The Moving Middle: A generational opportunity to diversify housing
Demand for missing middle homes is surging at the same time that Build-to-Rent (BTR) is taking off. This is not a coincidence. Both trends reflect the need for more affordable housing stock following a decade of under-building and the consequential peaking of home prices. Connecting them also is a drive to expand housing options and patterns beyond those which have defined the American residential landscape for the last half-century.
Daniel Parolek coined the term “missing middle housing” in the aftermath of the ‘08 recession to describe the medium-density homes that, once prevalent across the U.S., have practically vanished from new construction. But today, over a decade later, “middle” implies much more.

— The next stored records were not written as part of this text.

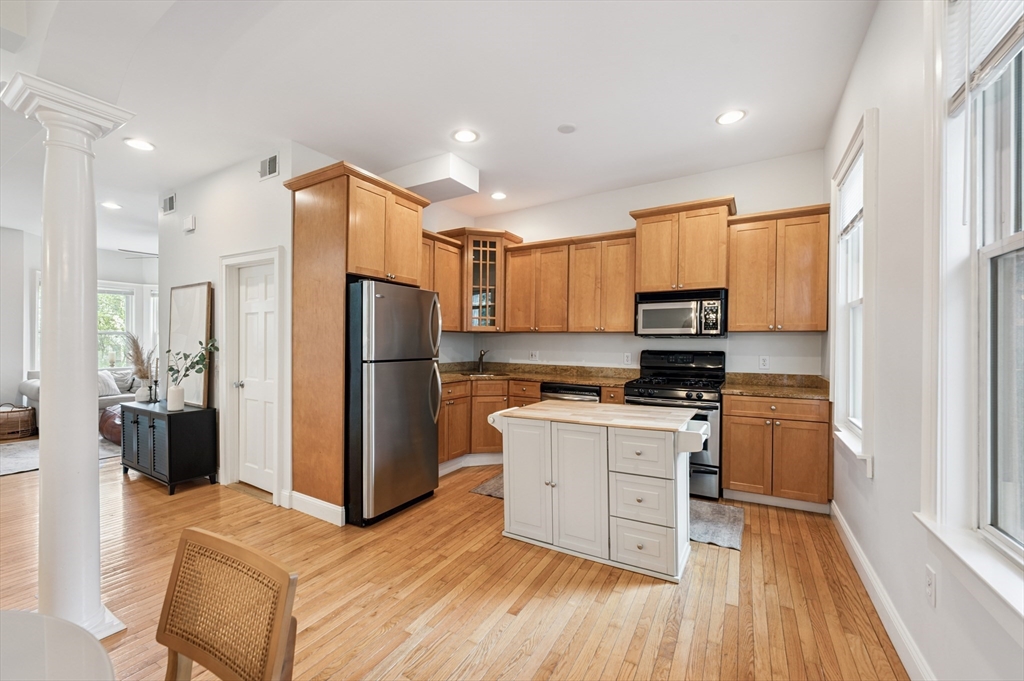 173 H Street, Unit 2 Boston, MA 02127 - Photo 8 of 26 a kitchen with a refrigerator a stove top oven a sink and a refrigerator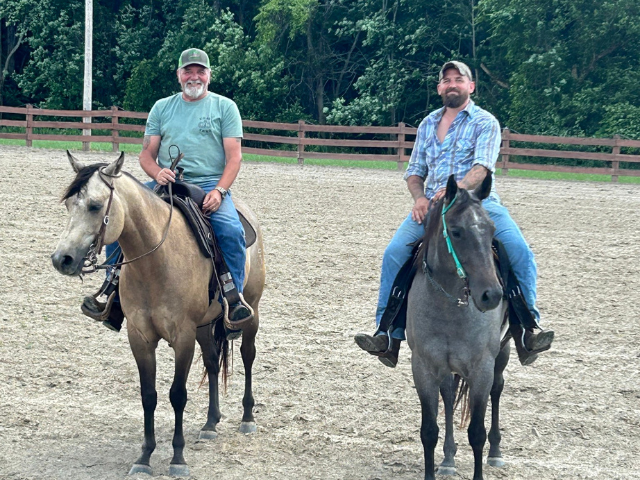 Two men on horseback smiling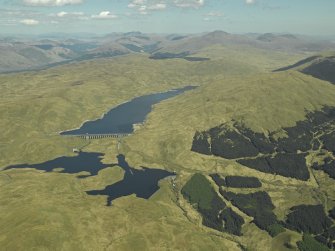 General oblique aerial view centred on the dams, power station and reservoir, taken from the WSW.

To match how markets and lifestyles are changing, we not only need missing middle housing in the sense of size and density but also in the sense of a middle ground between buying and renting, between villa and apartment, between owning and sharing and between settling and being transient. This expanded middle is no longer the outlier, but where many people in the U.S. actually live, and BTR is one validated housing model addressing it.
Why the Middle is Missing
In the 1940s, nearly 70% of homes were under 1,400 square feet, according to the New York Times. Townhomes, courtyard bungalows and cottage clusters, duplexes and fourplexes and row houses were a staple in cities and towns across the country. Compact, affordable and clustered, they were where small households, those in transition and the elderly could settle. They also provided starter homes for many families. From the 1950s on, strict zoning laws prioritized single-family homes on larger lots on the one hand and multi-family apartment buildings on the other—two poles which were separated both spatially and demographically. New medium-density housing became hard to build, if not illegal.

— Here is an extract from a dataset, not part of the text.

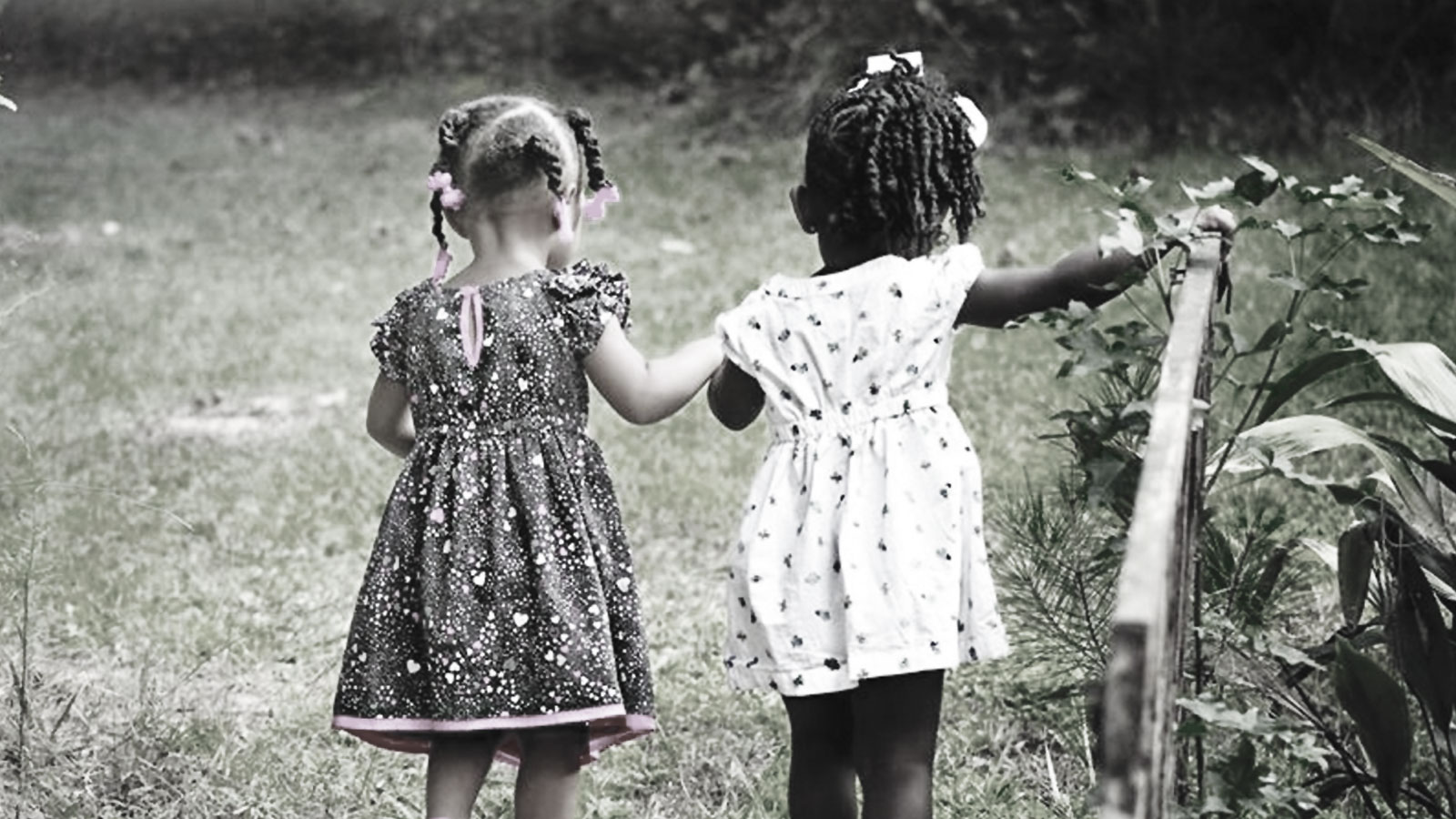 Supporting children's mental health. A photo of Two young girls holding hands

In 2020, the number of missing-middle starter homes built in the U.S. was less than ten percent of new home construction. Prices, even for smaller homes, have escalated. The amount of "affordable" units (detached new houses costing less than $200K) is now practically zero, according to John Burns, making it difficult for this country to sustain middle-income households. Reintroducing missing-middle housing is crucial to overcoming the starter and affordable home shortage. The crux today is that it has to happen at scale.
More Variety in Mid-Density and Smaller Homes
BTR is creating new mid-density housing at scale. The homes have smaller footprints than traditional single-family, making them less expensive to build and rent. Because they are designed within the context of a neighborhood, there isn’t a loss to livability. For instance, BTR homes don’t require the large setbacks for garages and yards that detached homes typically do. Parking can be on the street, inviting more walkability and amenities that used to go in the backyard consolidate into common areas. With BTR, residents don’t share walls yet both they and developers gain the benefits and efficiencies of density—affordability, space-saving, community and sustainability—with the individuality of stand-alone homes.
BTR Fills the Gap to the Starter Home
BTR neighborhoods exemplify how missing middle housing meets current housing trends. In the past few years, we have seen housing prices reach an historic high and rising mortgage rates, leading more people to rent and homeownership to slow to its lowest point since the 1980s. But there may be more to the story. Until the 1950s, Americans leaned more towards renting. Following the post-war surge, the ratio of homeowners steadily rose in each decade following, until the Great Recession in 2008. Today, 36% of Americans and 62% of those under the age of 35 rent, according to the Pew Research Center 2022 analysis of U.S. Census Bureau data. The scale is again tipping towards for-rent: For the first time since 1974, Q4 of 2022 saw more build-for-rent units started than single-family build-for-sale.
While experts call on missing middle housing to bridge the gap of the increasingly elusory starter home, BTR goes further. Framing housing as a service rather than as an investment, it provides solutions to different people at different stages of their lives. For the growing number of people in transition, who are ready to move out of an apartment but not ready to buy, it offers a more flexible and, in some cases, less expensive option than purchasing year-over-year.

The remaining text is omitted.